§ **Task instructions**
In the entries below, print exactly the lines from the first through the one with "Capa Para Notebook", both included, and none of the pictures.

§ **Extracted information**

*** Block opens ***

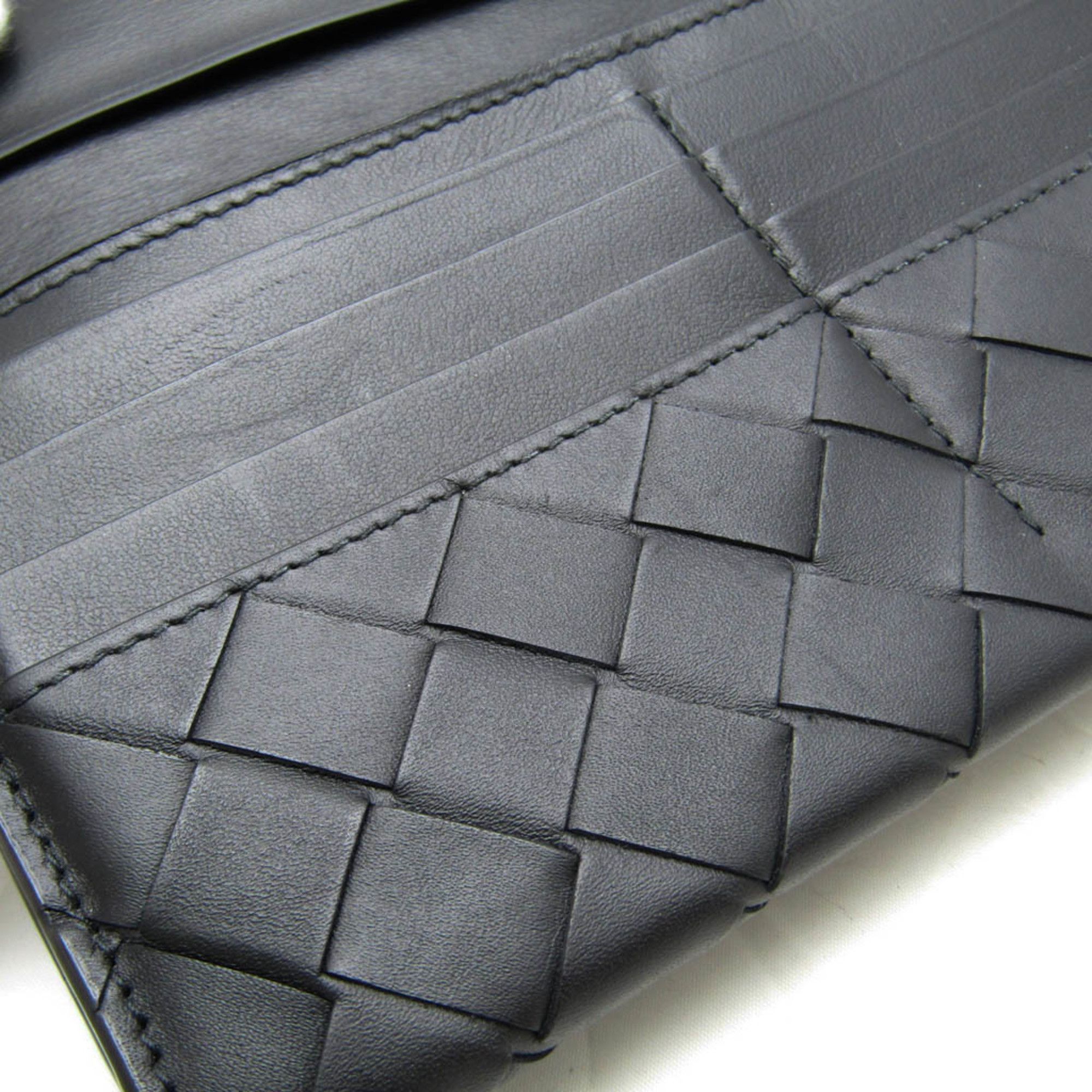 Bottega Veneta Intrecciato Men's Leather Long Wallet (bi-fold) Black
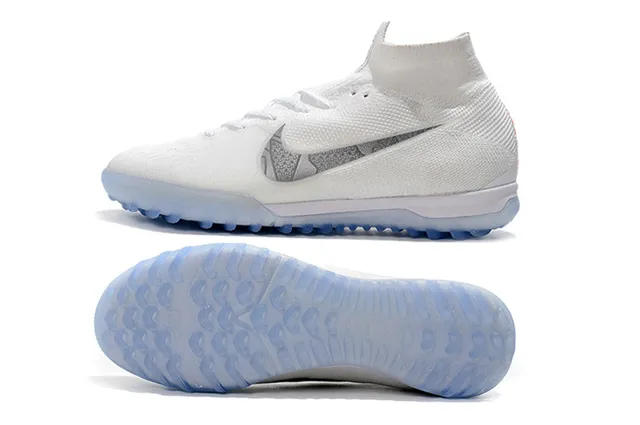 Nike Mercurial Superfly VI Elite TF White/Metallic Cool Grey Zapatos de fútbol para césped artificial 3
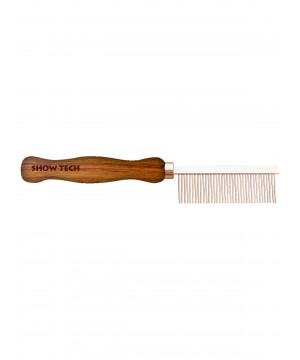 SHOW TECH Wooden Comb расческа для шерсти средней жесткости 18 см, с зубчиками 2,2 см, частота 1,5 мм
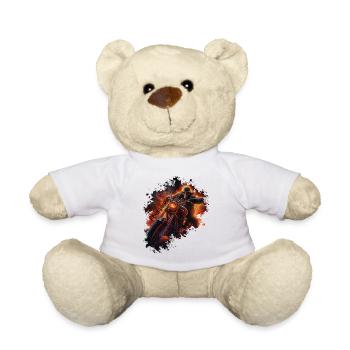 Flaming skull on motorcycle biker - Teddy Bear - white - Front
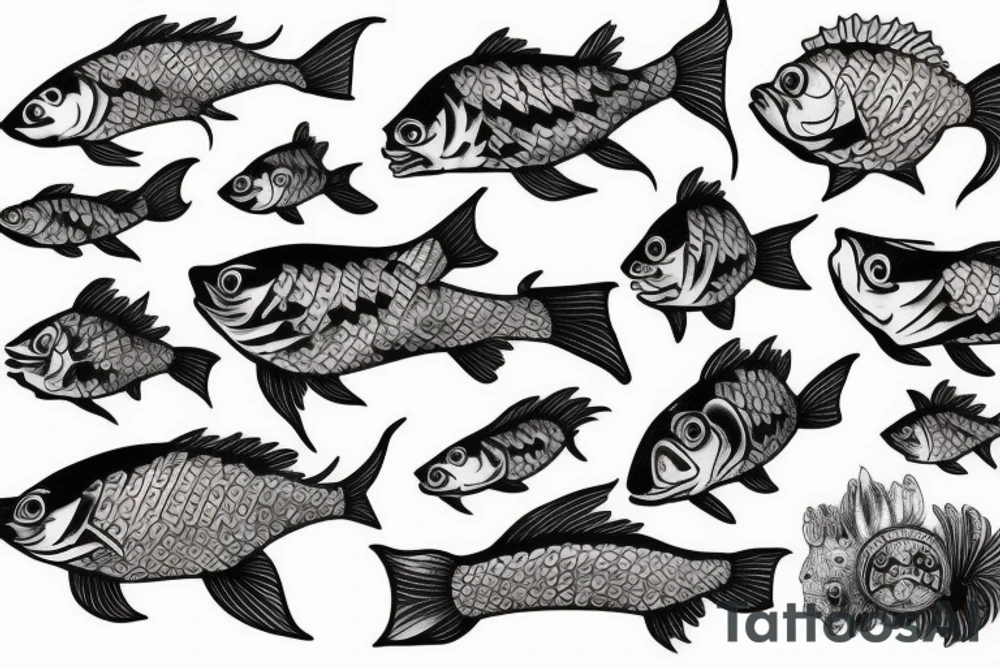 A monster fish tattoo idea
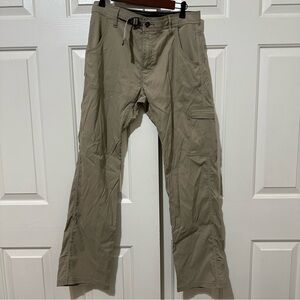 Prana Stretch Zion Beige Khaki Hiking Pants Men's Size 32 Snap Roll Up M4ST32116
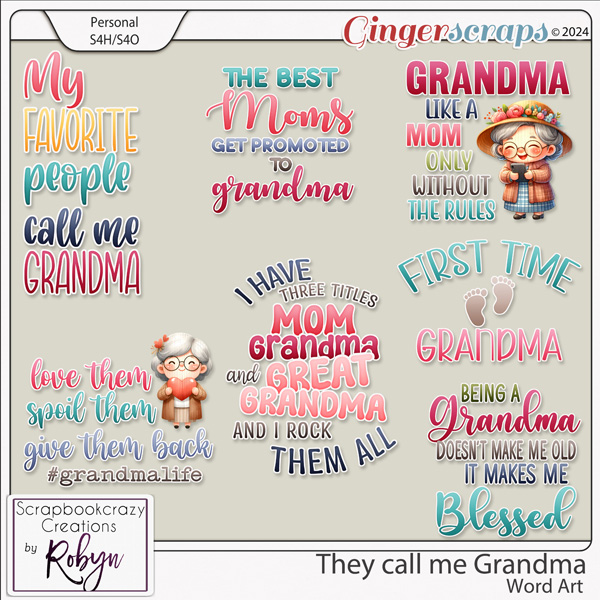 They call me Grandma Word Art by Scrapbookcrazy Creations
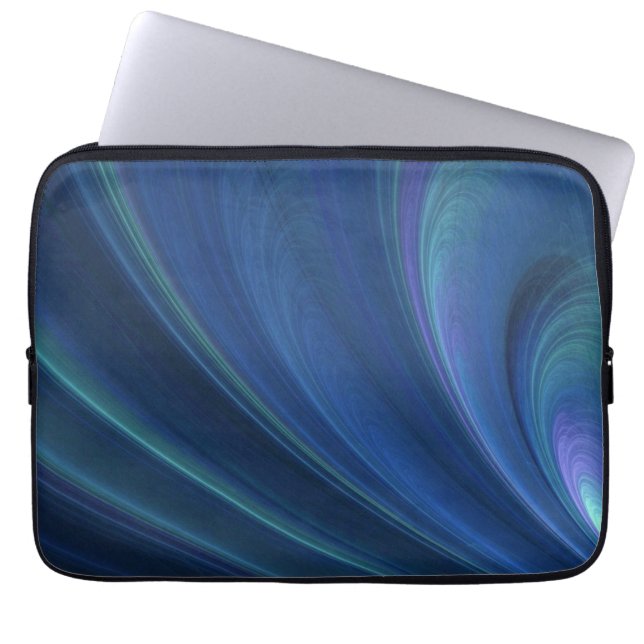 Capa Para Notebook Ondas de areia macias azuis e verdes (Frente)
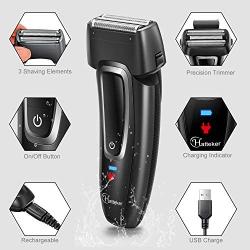 HATTEKER Foil Shaver Mens Electric Shaver Cordless Electric Razor for Men Wet Dry Rechargeable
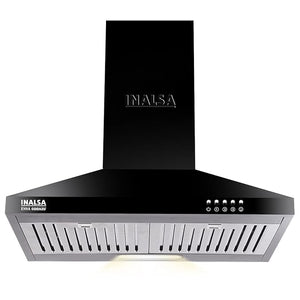 Open Box, Unused Inalsa Smash 60BKBF Wall Mounted Black 1050 CMH Chimney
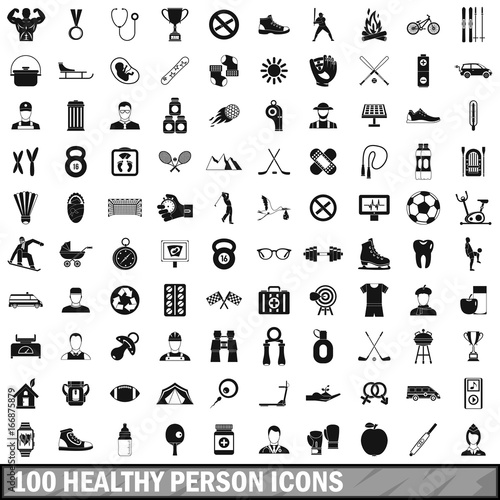 100 healthy person icons set, simple style 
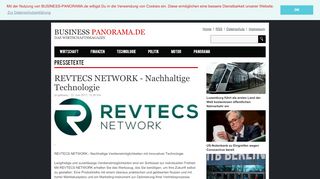 
                            8. Pressetexte - REVTECS NETWORK - Nachhaltige Technologie ...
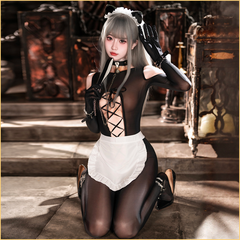 镂空系带调情开裆爽滑连体衣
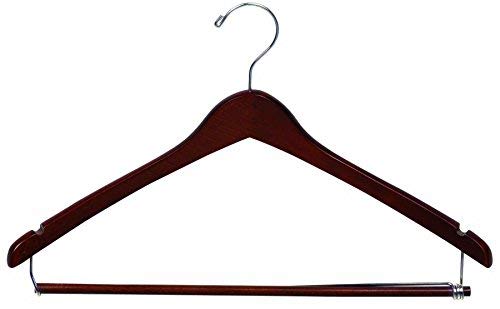 The Great American Hanger Company Walnut Suit Hanger with Locking Bar & Notches (Box of 100)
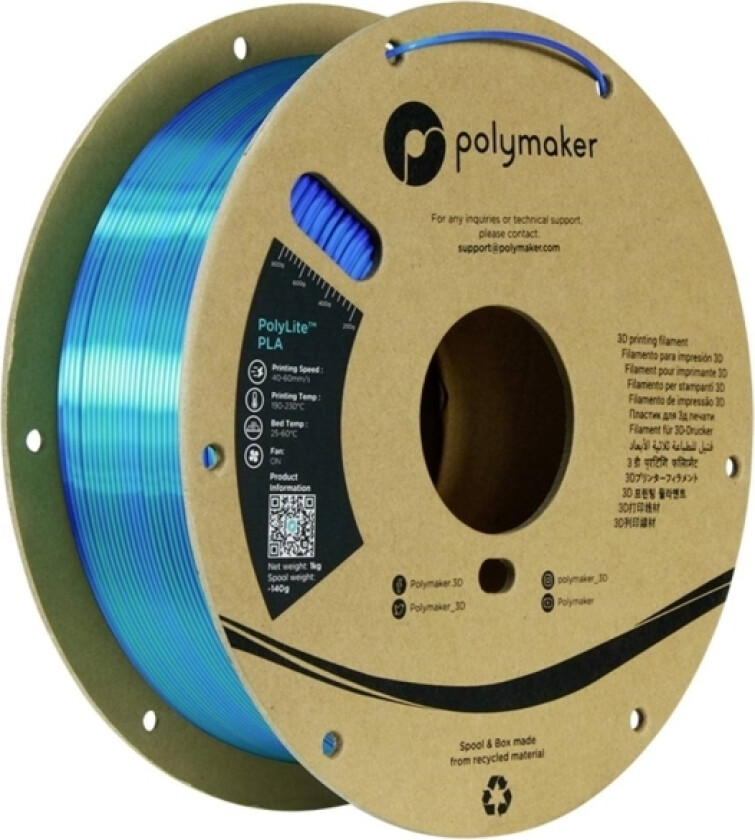 Polymaker Pa03025 Dual Silk Filament Pla-Silke Flerfarvet, Glinsende 1.75 Mm 1000 G Caribbean, Blå , Grøn Polylite™ 1 Stk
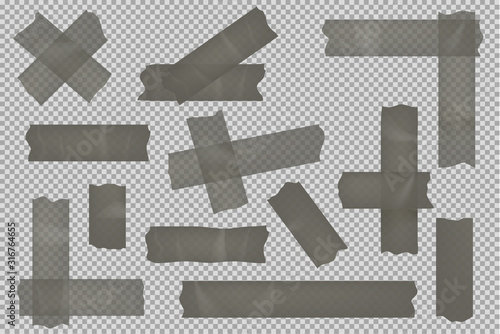 Adhesive tape set isolated on transparent background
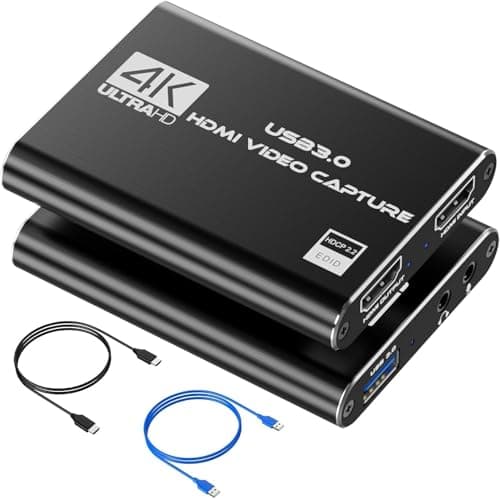 Image of Video Capture Card, USB 3.0 Audio Video Capture Card, 4K HDMI Capture Card HDMI Loop-Out, 1080P 60FPS/2K 30FPS Video Game Capture for Streaming, Works for PS5/Switch/Camera/PC/OBS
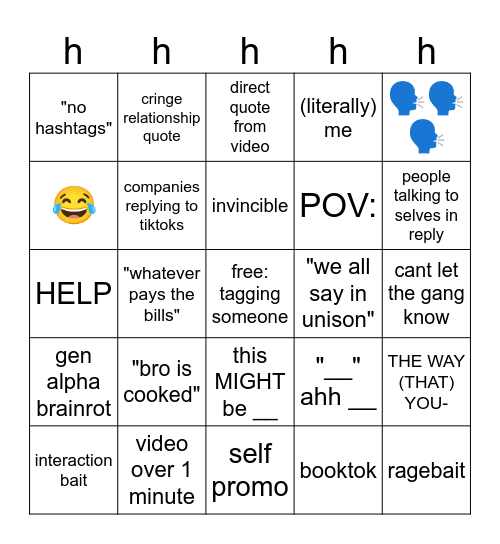 tiktok comment bingo Card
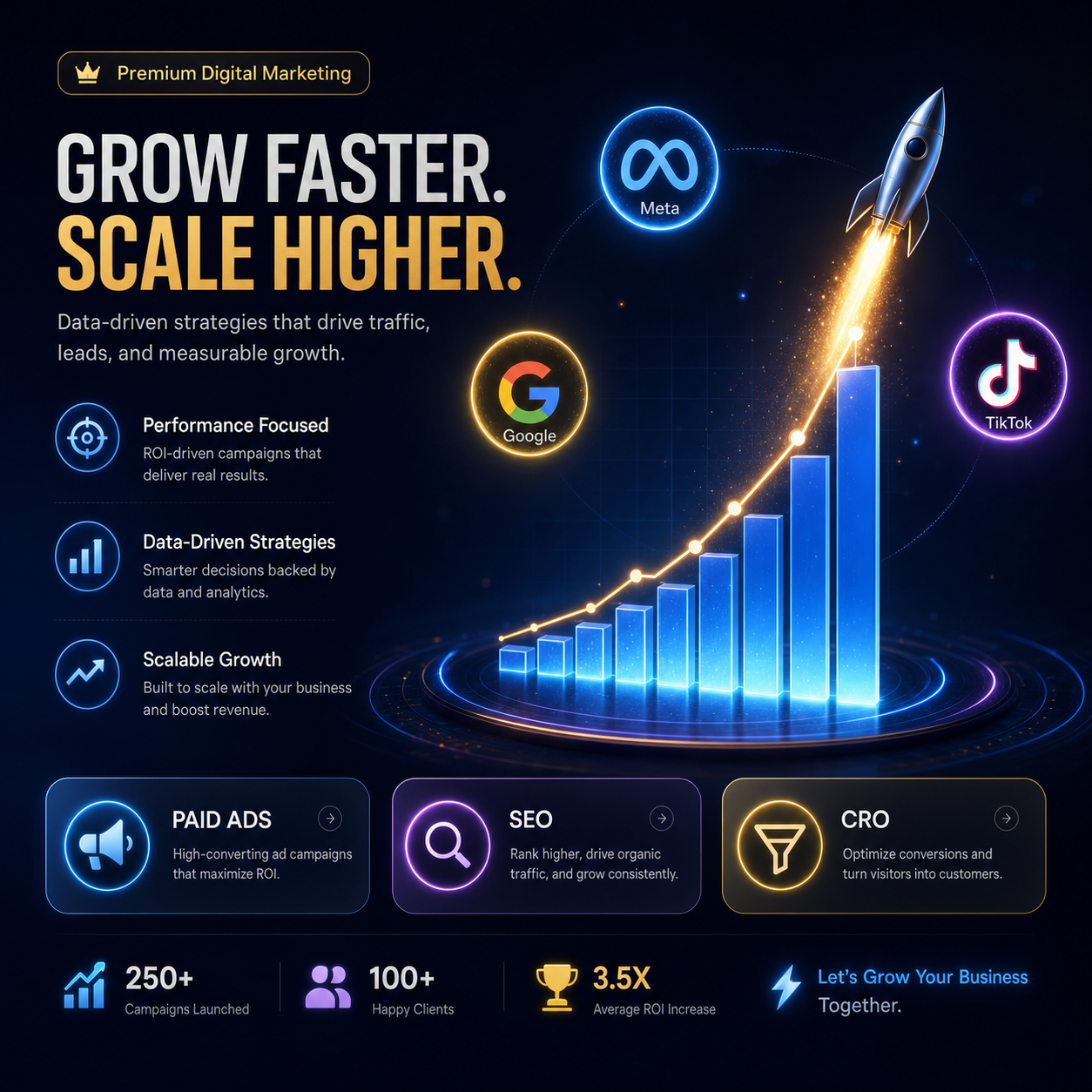 Growth digital marketing package — paid ads, SEO, and CRO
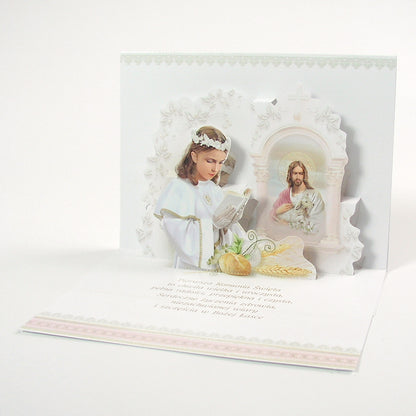 Polish Greeting Cards First Communion Girl 3D - A5P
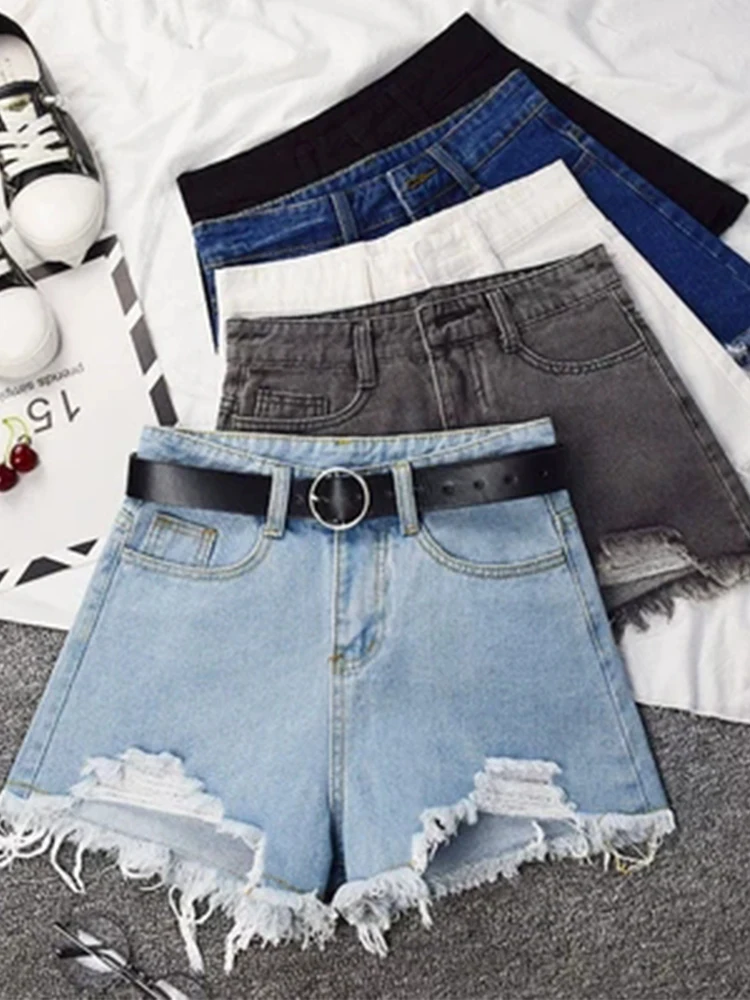 

High Waist Denim Shorts Women Summer Pocket Tassel Hole Ripped Jeans Short Female Harajuku Short Pants Women's Clothing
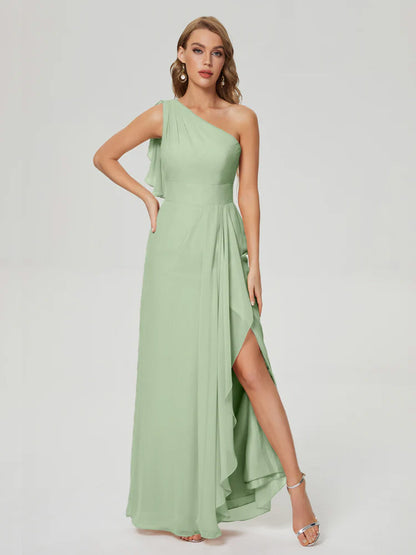 Samara Side Slit One Shoulder Chiffon Bridesmaid Dress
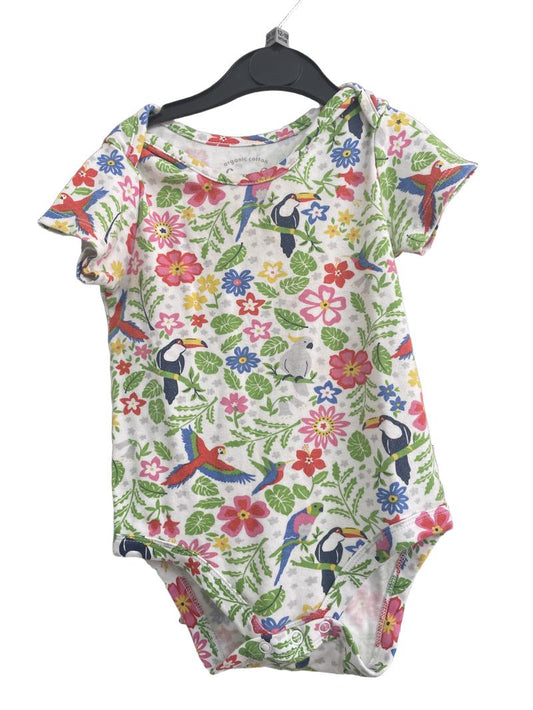 Preloved Frugi - White Floral Tropical Birds Bodysuit (12-18m)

*** Block closes ***

§ **Result of this task**
 Bottega Veneta Intrecciato Men's Leather Long Wallet (bi-fold) Black
 Nike Mercurial Superfly VI Elite TF White/Metallic Cool Grey Zapatos de fútbol para césped artificial 3
 SHOW TECH Wooden Comb расческа для шерсти средней жесткости 18 см, с зубчиками 2,2 см, частота 1,5 мм
 Flaming skull on motorcycle biker - Teddy Bear - white - Front
 A monster fish tattoo idea
 Prana Stretch Zion Beige Khaki Hiking Pants Men's Size 32 Snap Roll Up M4ST32116
 They call me Grandma Word Art by Scrapbookcrazy Creations
 Capa Para Notebook Ondas de areia macias azuis e verdes (Frente)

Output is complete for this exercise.